● RECORDS SUPPLIED:
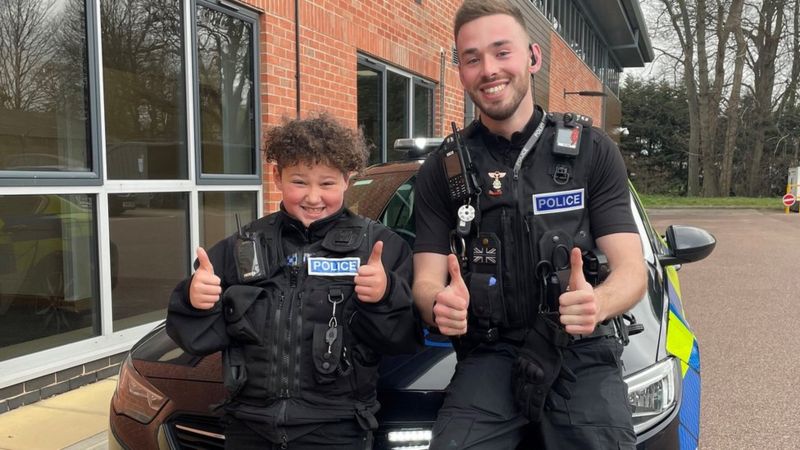 Fresh Cops: Star of TV police documentary surprises young fan - BBC News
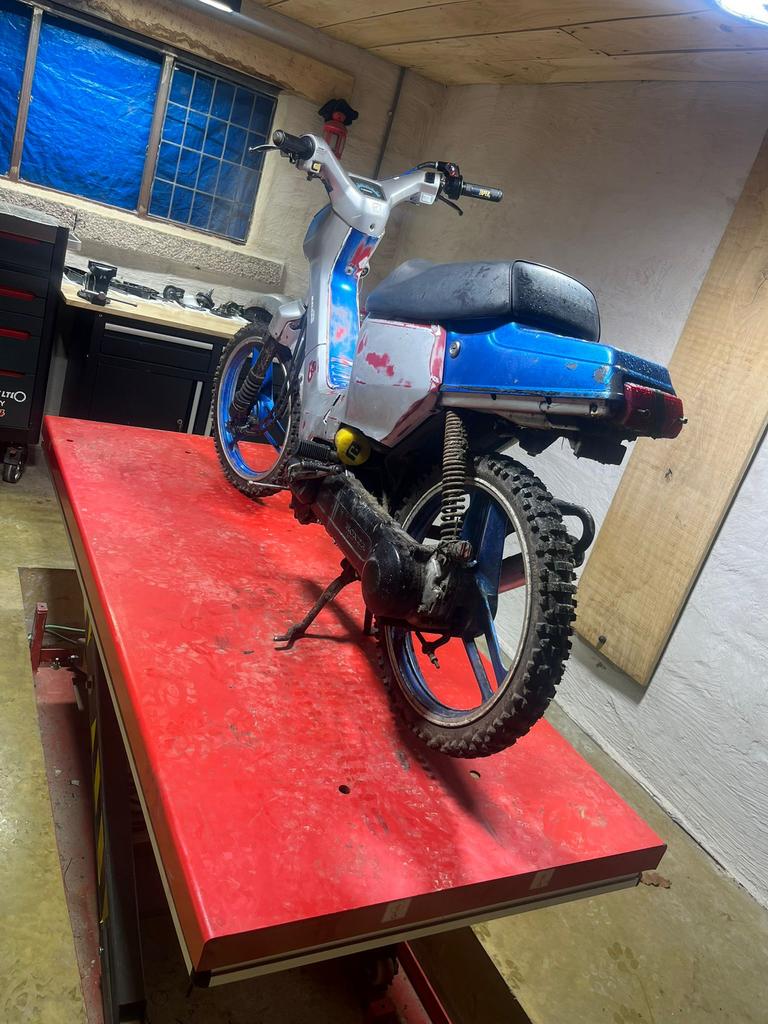 Wallaroo 70 cc, Ophalen, Zo goed als nieuw, Cilinder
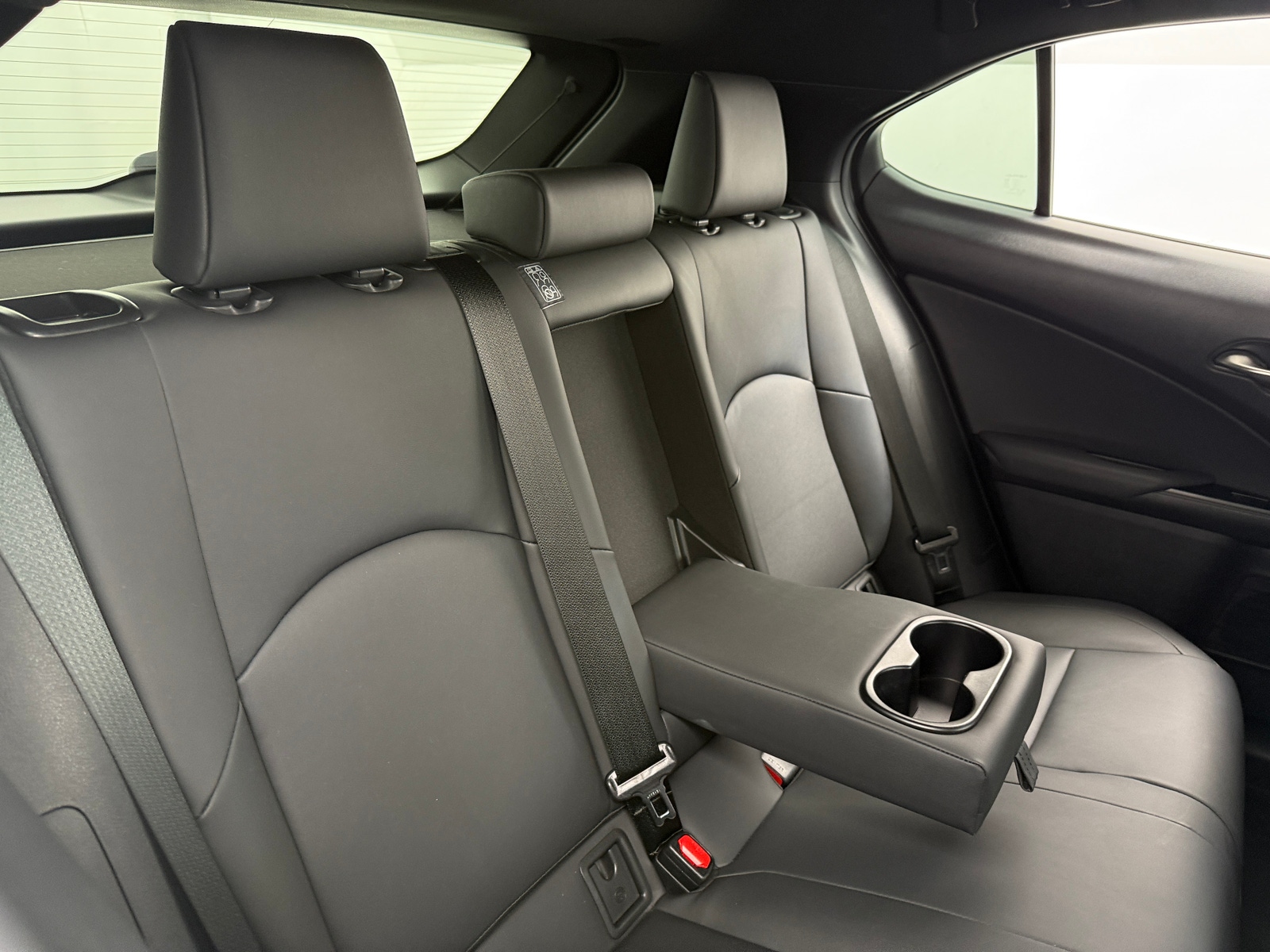 Thumbnail: 2022 Lexus UX - 5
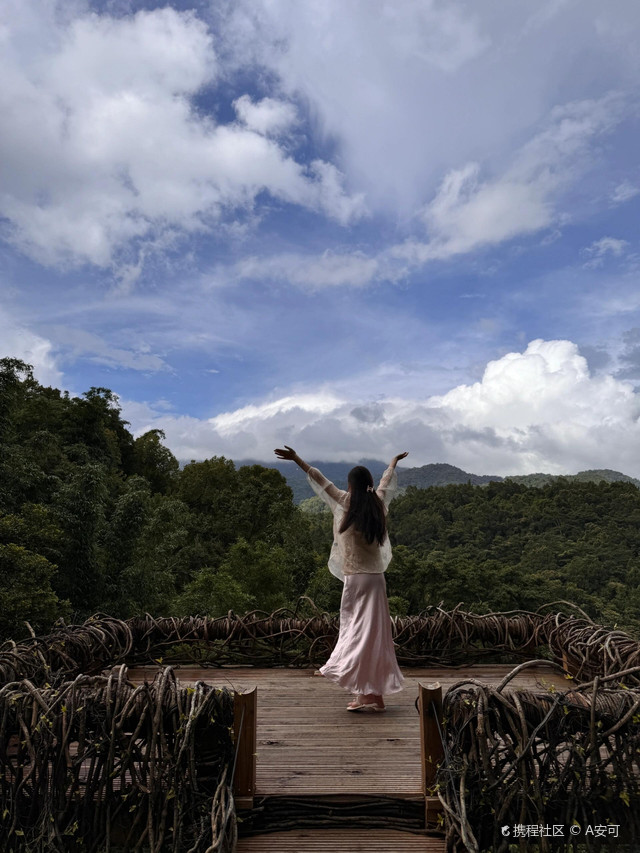 五指山方诺寨热带雨林景区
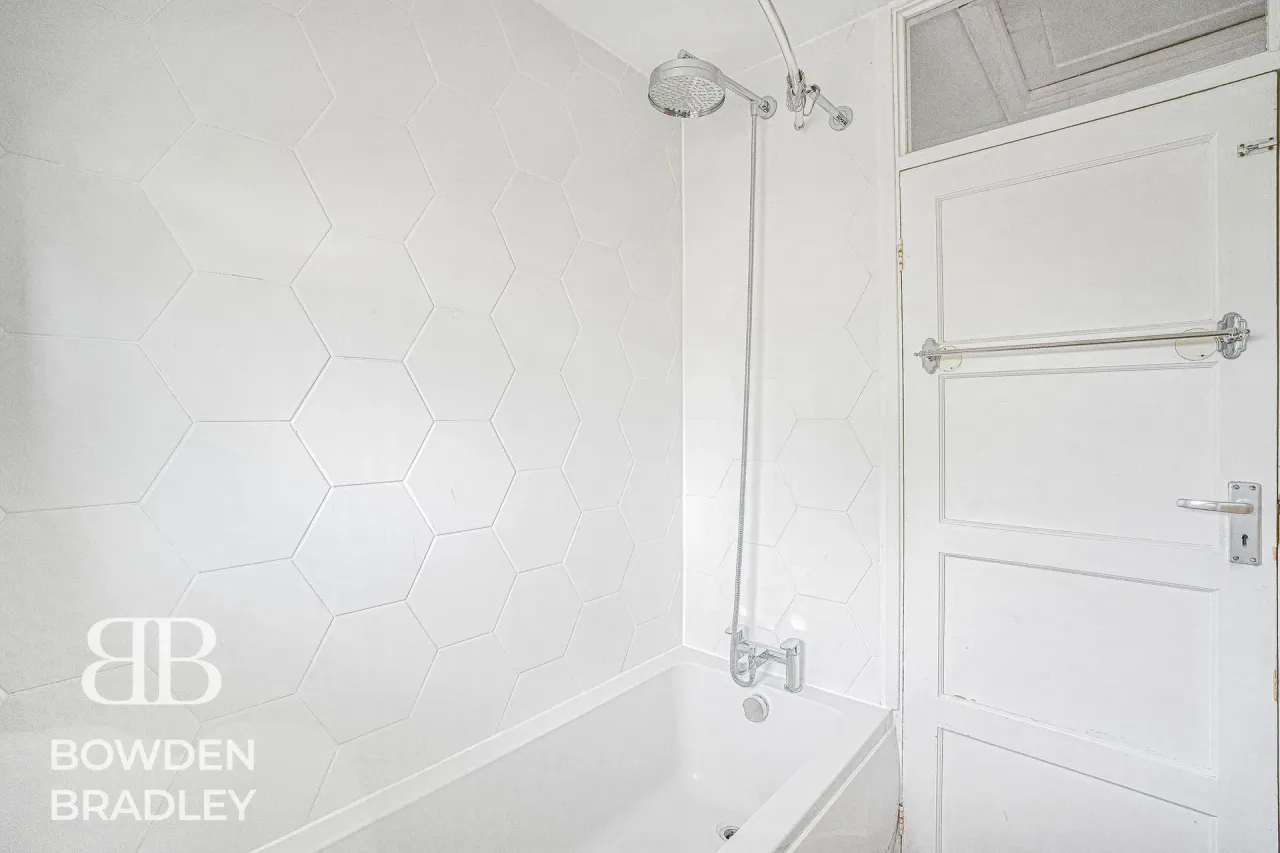 Hanson Drive, Loughton, IG10, photo 46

● PROBLEM STATEMENT:
Retype everything in the material word for word, minus pictures.

● RESPONSE TO THE TASK:
 Fresh Cops: Star of TV police documentary surprises young fan - BBC News
 Wallaroo 70 cc, Ophalen, Zo goed als nieuw, Cilinder
 Thumbnail: 2022 Lexus UX - 5
 五指山方诺寨热带雨林景区
 Hanson Drive, Loughton, IG10, photo 46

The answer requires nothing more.